Il food non è una locomotiva solo per gli italiani, come dimostra la svolta di Marks & Spencer. La storica catena di grandi magazzini britannica, fondata a Leeds nel 1884 e famosa nel mondo per l’eleganza dei suoi capi di abbigliamento, ha così reso noto ieri, 20 aprile, un piano di inaugurazioni semestrale di 36 nuovi punti vendita in Patria, di cui 34 interamente dedicati all’alimentare.
Non solo: i due Pdv restanti ospiteranno ancora vestiti e accessori, ma la proposta commerciale verrà integrata con i casalinghi e con un forte reparto cibi & bevande. Sempre in un semestre verranno dilazionate 6 chiusure.

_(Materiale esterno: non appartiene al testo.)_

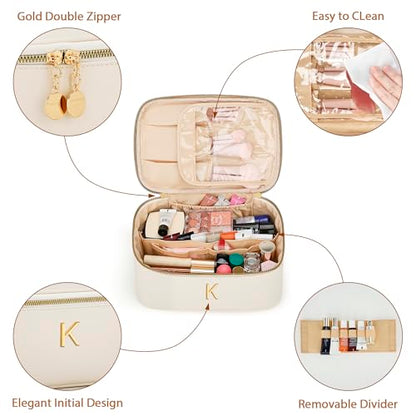 Gifts for Women Travel Makeup Bag Personalized Cosmetic Bag Portable Large Capacity Toiletry Bag(Beige-K) - color: Beige, style: K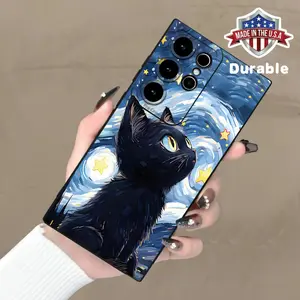 Cat Look Fantasy Starry Sky Trendy Creative Print Luxury Black Shockproof Case Premium Omni-Directional Lens Protection Case Simple And Durable Case Series for Samsung Galaxy S20 S21 S23 Ultra Plus FE 5G 4G Smartphone Cellphone Screen Protector Casing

La manovra è frutto di quanto annunciato, già alla fine del 2016, dal nuovo direttore generale del gruppo, Stewe Rowe, il cui piano strategico quinquennale parte appunto dal food & beverage che, è attualmente il reparto a più alta redditività al quale, alla fine del piano strategico, saranno dedicati in esclusiva ben 200 esercizi commerciali.
Quanto al non food, cuore storico dell’insegna, oltre alle chiusure – una sessantina a regime specie nel Regno Unito, in Cina e Francia - Rowe prevede un riposizionamento tramite il lancio o il restyling dei punti di vendita più grandi, destinati a trasformarsi in format più piccoli e accoglienti.

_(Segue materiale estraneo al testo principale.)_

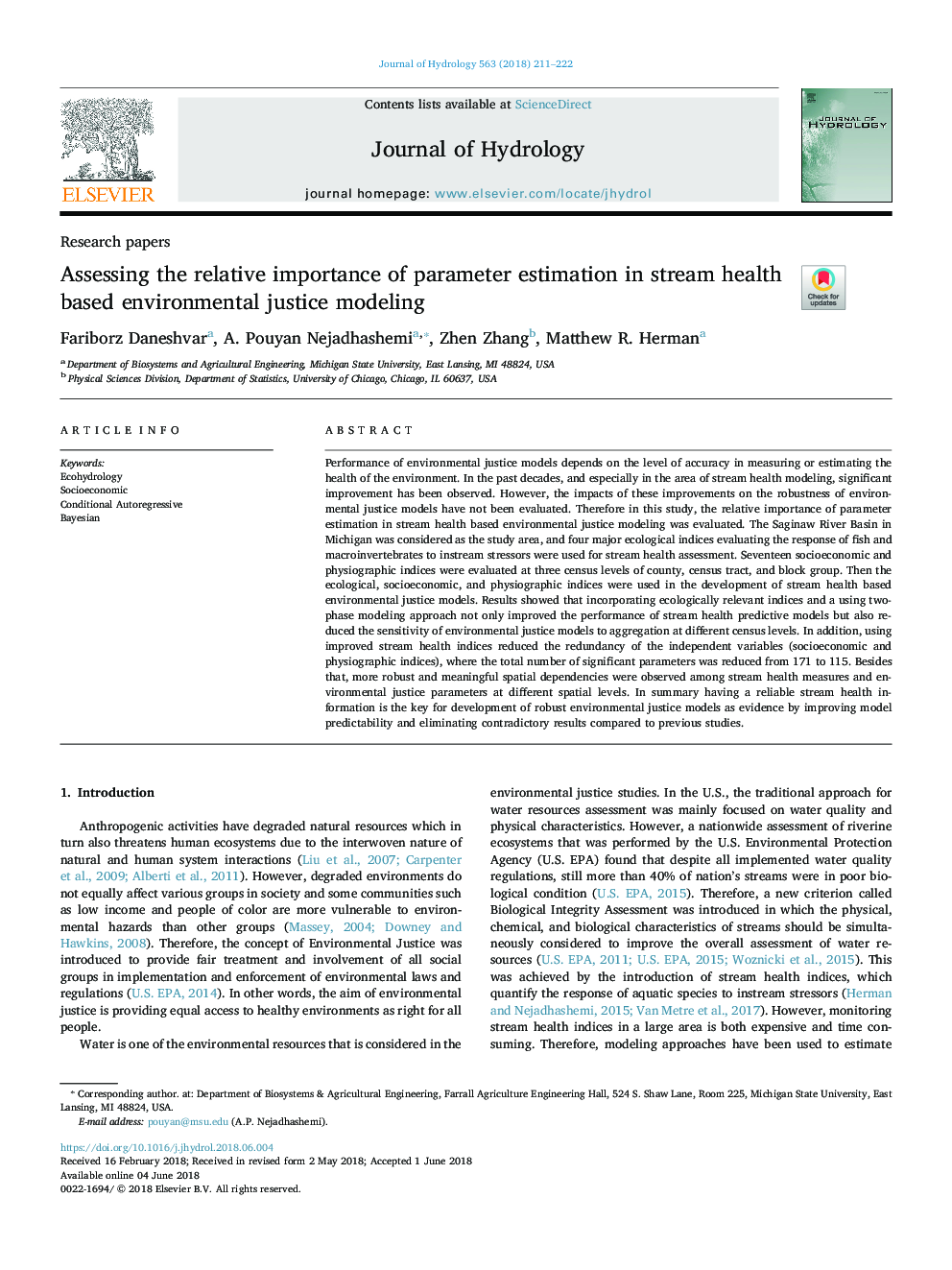 Assessing the relative importance of parameter estimation in stream health based environmental justice modeling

“Le abitudini di acquisto dei nostri clienti stanno cambiando – ha dichiarato Rowe -. Il consumatore vuole oggi comprare soprattutto cibi e bevande, in una fascia oraria sempre più ampia e senza fare troppe distinzioni sul luogo di acquisto, che può essere indifferentemente il supermercato o Internet. Quindi siamo impegnati in un processo di adattamento, sintonizzato evidentemente sul nostro pubblico”.


Forte di 1.380 punti vendita, di cui 468 all’estero, in Africa, Asia ed Europa (una trentina di Paesi presidiati) il gruppo ha fatturato nel 2016, 10,4 milioni di sterline, pari a oltre 12 miliardi di euro. Più della metà dei ricavi, per un totale di 5,4 miliardi di sterline, è già dovuto all’alimentare, che presenta un tasso di crescita del 3,6 per cento.
Secondo i giornali inglesi, M&S, oltre al minore interesse per l’abbigliamento, ha dovuto scontare un’erosione della redditività legata alla Brexit, che, dal referendum in poi, ha visto la moneta britannica perdere il 17,5% rispetto al dollaro. A partire da gennaio il gruppo ha addirittura dovuto alzare il prezzo di molti prodotti del 15 per cento circa.